Sometimes, you have to convince the patient to do it, because these patients can be quite sick and wheelchair-bound. But this would be the patient where I would say, “Look, your performance status is diminished, you’ve got widespread disease—let’s give this drug a try for a couple of weeks and see what happens.” The good thing is that the testing is usually quick: in most centers, less than 2 weeks, usually sooner. The drugs are usually available. Most places are quite familiar with the major side effects of an EGFR inhibitor—rash and loose stool—and we move forward.

So, for this patient, it might be a perfect therapy. They probably need some pain medication for the bone metastases. The oral EGFR agent will probably act to help with any constipation that might provide. And then, we hope to see response, and we follow these patients. Bone metastases are a difficult disease to treat, but hopefully the metastases, the lung lesion, and the other disease in the body will be treated. The good news here is that this patient does not have brain disease yet. He might, at some point, get that; we have to keep an eye out for it. But right now, we are full speed ahead to start the EGFR therapy and then, of course, manage the patient carefully, because we do know that resistance will develop. It’s not if, but it’s just when.

When you think of the modalities of care for lung cancer, supportive care has to be right at the top of the list—especially since, in most cases, we’re still treating palliatively, although our goals are more ambitious than they were. Here, we’re using an EGFR inhibitor, and hopefully this patient will have a nice response and feel better. But early palliative care and supportive care have been shown to improve outcomes in patients with lung cancer and need to be used as early as possible. We are treating the entire patient, so, if this patient were in my clinic, I would probably begin palliative care measures with oral pain medicines, but I would also refer them to a palliative care service to help as well.

For a patient like this, who I’m starting on an EGFR inhibitor, I’d probably want to see him at least monthly, but normally I work very closely with a nurse practitioner. I would have either her or me see the patient in 2 weeks. I like to do this for a number of reasons, as interstitial lung disease develops with these agents, you hardly ever see it, but I’ve seen it a few times; it happens in 1 in 500 patients, or maybe a little bit less. I just like to bring someone in and see how they’re doing. It also gives us a chance, as long as they don’t live too far away, to check their skin and to check how they’re doing with diarrhea and other side effects. In this case, we could monitor the pain. So, I usually like to see the patients early on and then on a monthly basis, and I would do scans every 8 weeks.

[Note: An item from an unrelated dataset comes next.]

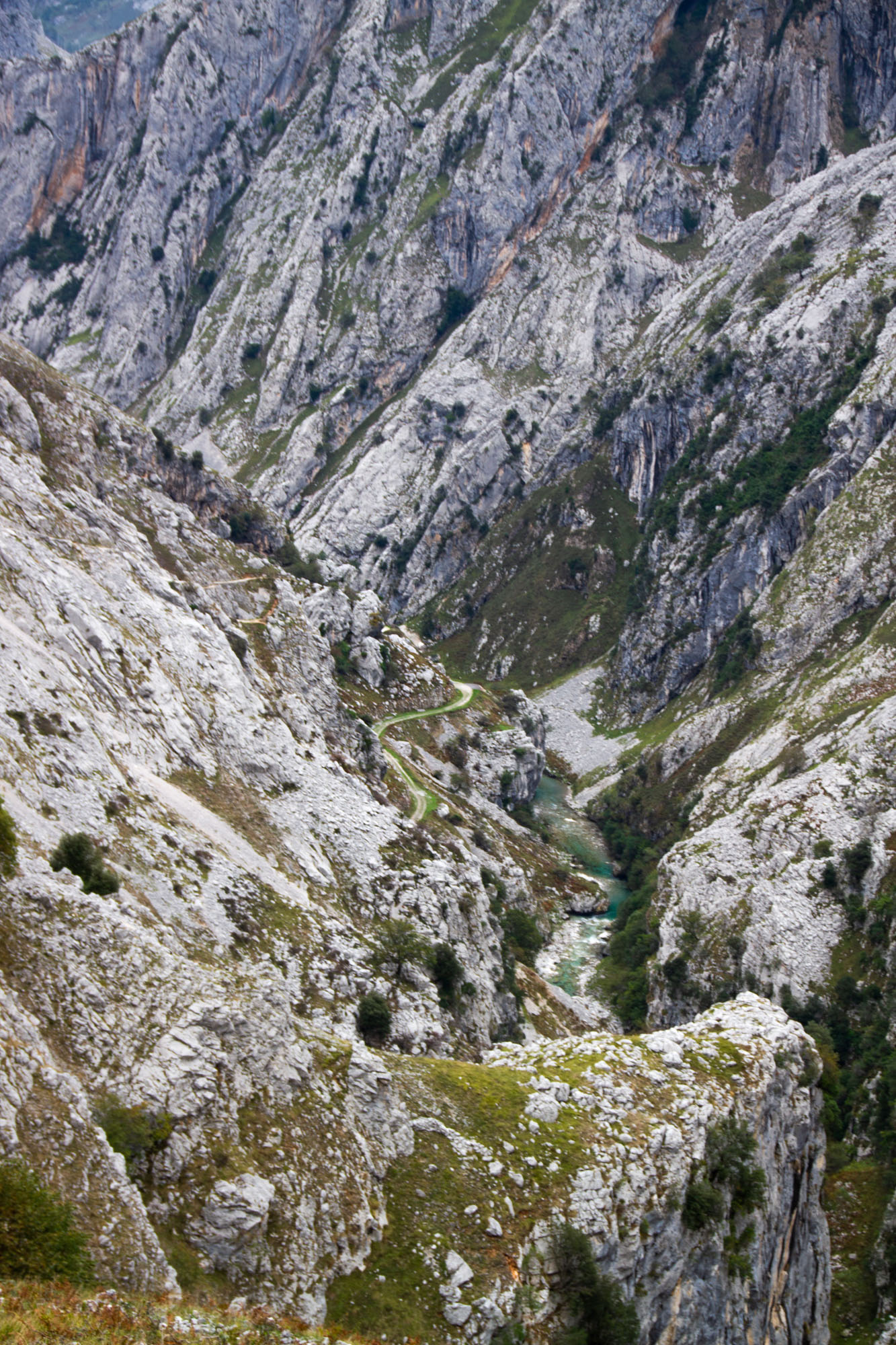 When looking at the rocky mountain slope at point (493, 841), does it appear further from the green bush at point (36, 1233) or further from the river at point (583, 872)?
the river at point (583, 872)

Transcript edited for clarity.

  • 65-year-old male, former smoker (25 pack-years, quit 12 years ago) presented complaining of persistent lower back pain, extreme fatigue, shortness of breath, and a 25-lb weight loss in the past 6 months.
  • PMH includes rheumatoid arthritis which significantly limits his physical activity.
  • Back pain also limited the patient’s daily activity.
  • MRI of the spine showed evidence of multiple lesions, but none were causing cord compression.
  • CT of the chest showed a 4-cm mass in the left lung, with enlarged bilateral mediastinal lymph nodes.
  • The MRI of the brain revealed no metastases.
  • ECOG PS was assessed to be 2.
  • He underwent an endobronchial ultrasound-directed biopsy of the mediastinal lymph nodes.
  • Pathology revealed poorly differentiated adenocarcinoma.
  • Molecular testing showed a mutation in EGFR exon19 deletion.